Are there differences between theoretical computer science and applied computer science? Yes, absolutely there are (see, for instance, galactic algorithms). But in the vast majority of cases the results of theoretical computer science (including, but not limited to, the myriad of lower bounds, or NP-completeness/hardness) apply. The burden of proof should be on the person making a claim that a theoretical result doesn't apply, not the other way around.

The practice of the halting problem is as follows: there are no good automatic solvers for the halting problem, period (practical tools, applying to practical code, that detect a large majority of infinite loops, not even all of them). It should be fairly easy to disprove such a statement btw (you show me one ...). Manual tools that one uses (compiler, debugger, etc) don't do this, period. Just because I can use one and it leads me, sometimes, to a situation which might be an infinite loop doesn't mean much, when I have to figure it out myself anyway. The compiler must prove certain invariants (e.g., two references can't alias) before doing certain optimizations - it is an automated tool. So, arguments about what one can do by hand don't apply ...

Also the evidentiary value for a program halting on some test inputs is low. It really doesn't mean that it won't infinitely loop on some different types of inputs.

You correctly identify one of the nails in Itanium's coffin, namely small basic blocks and arbitrary control flow (IIRC the average for SPEC cpu integer 2000 & 2006 was around 5-6 instructions per basic block). But you refuse somehow to accept that this kind of arbitrary control flow is critical to Turing complete languages with their Halting problem and Rice's theorem.

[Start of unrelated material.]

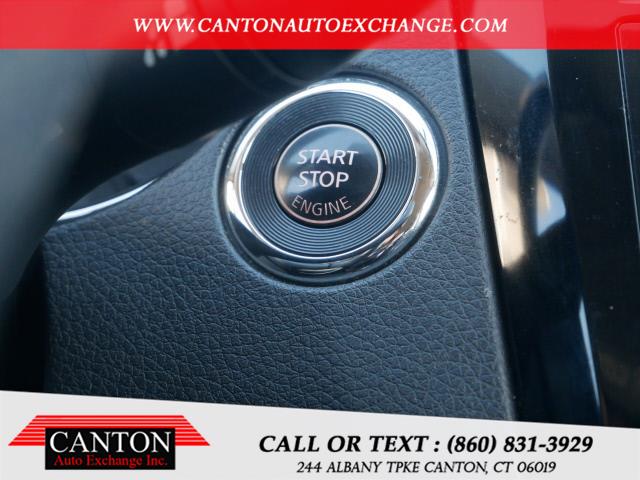Used Nissan Rogue SV 2017 | Canton Auto Exchange. Canton, Connecticut Used Nissan Rogue SV 2017 | Canton Auto Exchange. Canton, Connecticut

Ok, what is the second major nail? A compiler simply can't tell ahead of time how the cache hierarchy will behave at run time. Yeah, you can easily profile problem loads - typically those loads are misses all the way to memory that take 200-400 cycles to complete. However, a compiler can't do that much with that information; problem is that you need to insert a prefetch way in advance for it to be effective. E.g., if your IPC is 1, which fairly low for modern processors, you need to insert the prefetch about 100 dynamic instructions earlier to reduce the latency by 100 cycles. Now that is really difficult for a variety of reasons. BTW I have done quite a bit of research in the area, I really know what I'm talking about.

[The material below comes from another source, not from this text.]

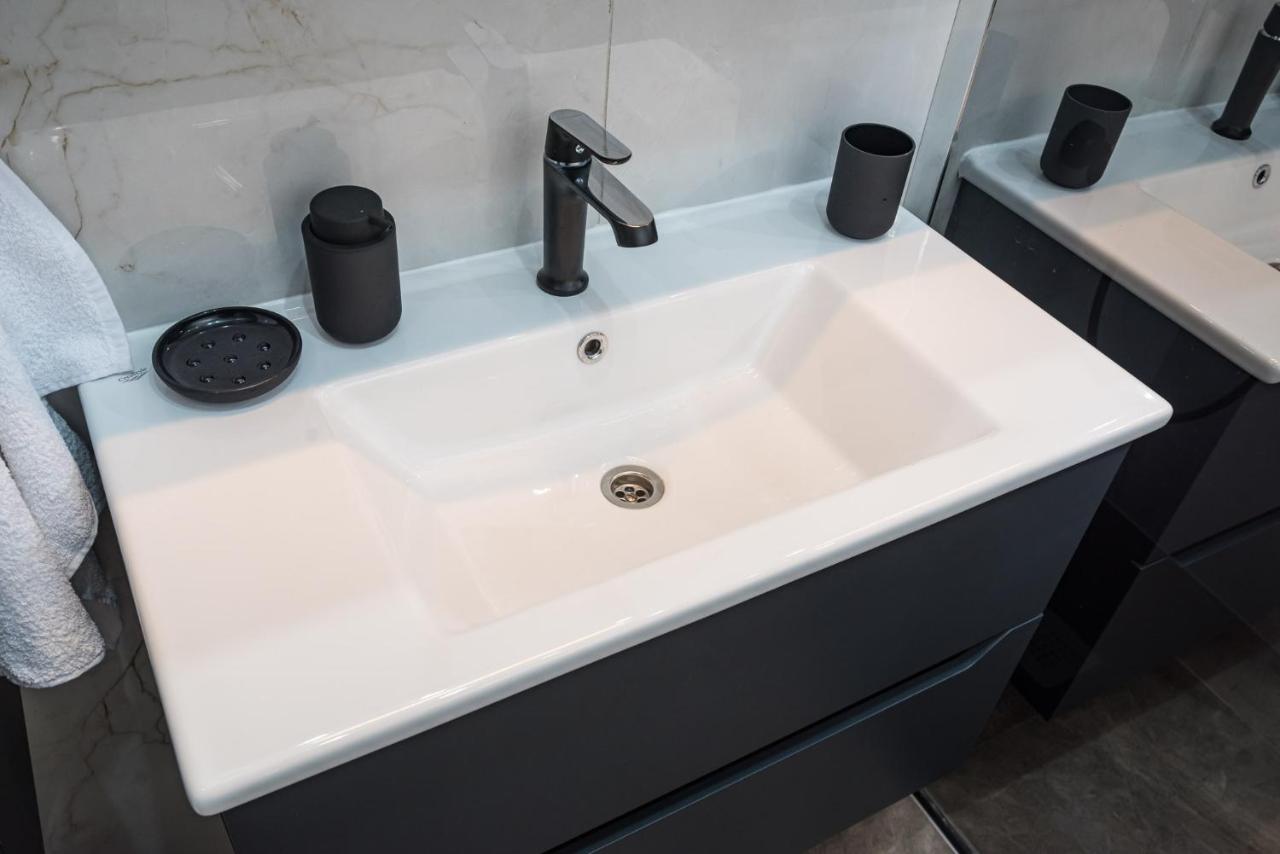 Apartment Mavi Zadar Dış mekan fotoğraf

But even if you profile more aggressively (collect much more information, e.g., by running an actual processor simulation), you still have a more fundamental problem: one run is not necessarily going to be representative for another. So in one run you could have a set of performance-critical loads all hitting in the L2, but in another missing in the L3 and going all the way to memory. And the VLIW compiler is somehow supposed to schedule these misses statically? Note that when the VLIW political movement was at its peak (late 90s roughly) misses simply didn't matter as much. But the trend of memory getting slower relative to CPU power was there ... it was fairly obvious that more cache hierarchy levels are going to be introduced, which will result in higher variability for the latency of a single instruction. Dynamic scheduling can handle this variability. Can static scheduling handle it? No.

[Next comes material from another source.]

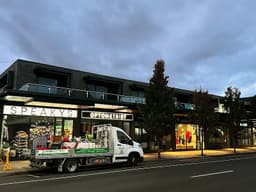 Geelong Softwash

There are proposals for addressing this issue (e.g., run-ahead), but they all came short honestly.

What about the third nail? This is a bit of a meta-nail, overlapping perhaps with the other two. Well, as you said Rice's theorem applies irrespective of the instruction set. Yes, absolutely correct! (the theorem is about Turing-complete programming languages, not the ISA). The problem is that VLIW requires the compiler to do a lot more than the regular compiler optimization. Essentially, for VLIW the compiler doing an amazing job with instruction scheduling is a hard requirement. In comparison, compiler optimizations for regular dynamically scheduled processors are nice-to-haves/optional, because they're intrinsically capable of high IPC (the most powerful and efficient processor line at this time, the M line from Apple, can issue a maximum of ~11 integer instructions in every cycle, something that can't be sustained continuously, but provides much better performance versus something that can issue 3).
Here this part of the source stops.